Great art is provocation
There is a furore over a portrait of Australia’s richest woman, Gina Reinhardt, in the National Gallery of Australia, one of many images of the power brokers of the global stage painted by Indigenous artist Vincent Namatjira.
Apparently, Gina doesn’t like the painting and would like it removed.
The artist has asked people to consider why he paints pictures of the people he paints. It is a question worth pondering.
Meanwhile, Swimming Australia, sponsored by the billionaire Gina, wrote a letter asking for the portrait to be pulled down from the Australian National Gallery.
The whole episode is a clear example of how alive the colonising impulse lives in today’s world.
Gina Reinhardt, made rich to the point of obscenity by extraction of “Natural” resources, decimating land that has nourished people for 65,000 years in the process, seeks to use her considerable political power to get an artist, representing the people she has profited off more than any other group, to remove an image she dislikes.
And those she sponsors join the party. Swimming Australia should be ashamed of itself. I get that they do not want to lose their sponsorship. But this is the very intersection point every one of us faces at some point. Do we stand for integrity, or do we capitulate to fear? The swimmers behind the protest need an education on privilege, racism and integrity.
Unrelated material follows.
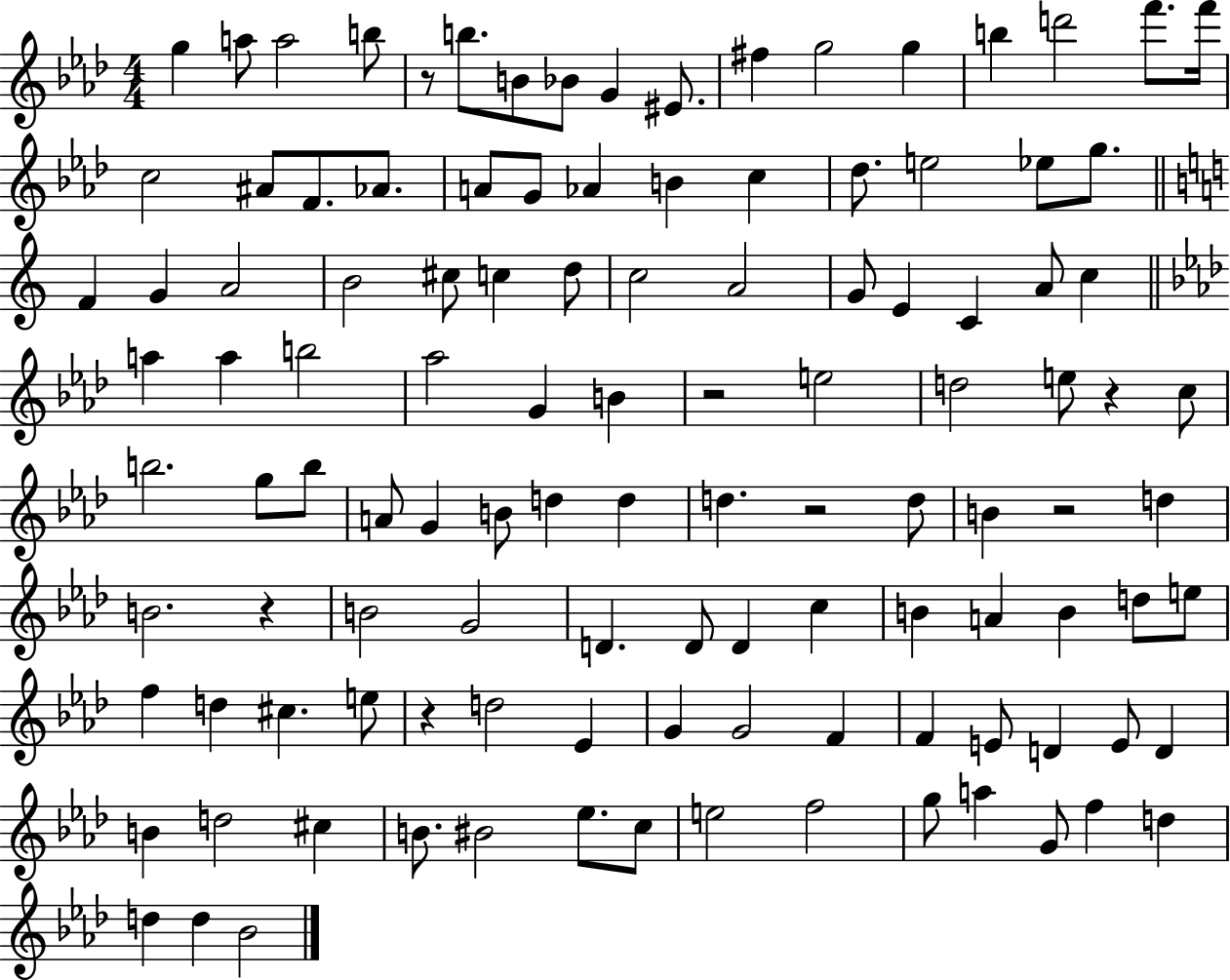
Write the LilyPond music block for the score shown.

Great art is provocation. Great art asks us to pause and think longer and deeper.
Those at effect of the horrors of colonisation, patriarchy and autocracy have historically used art as an expression of protest. It is often the only medium that is allowed.
We have far to go as humanity to confront the ever-present, often subtle, codes of the colonial, exploitative mindset. It is the water we swim in and the air we breathe.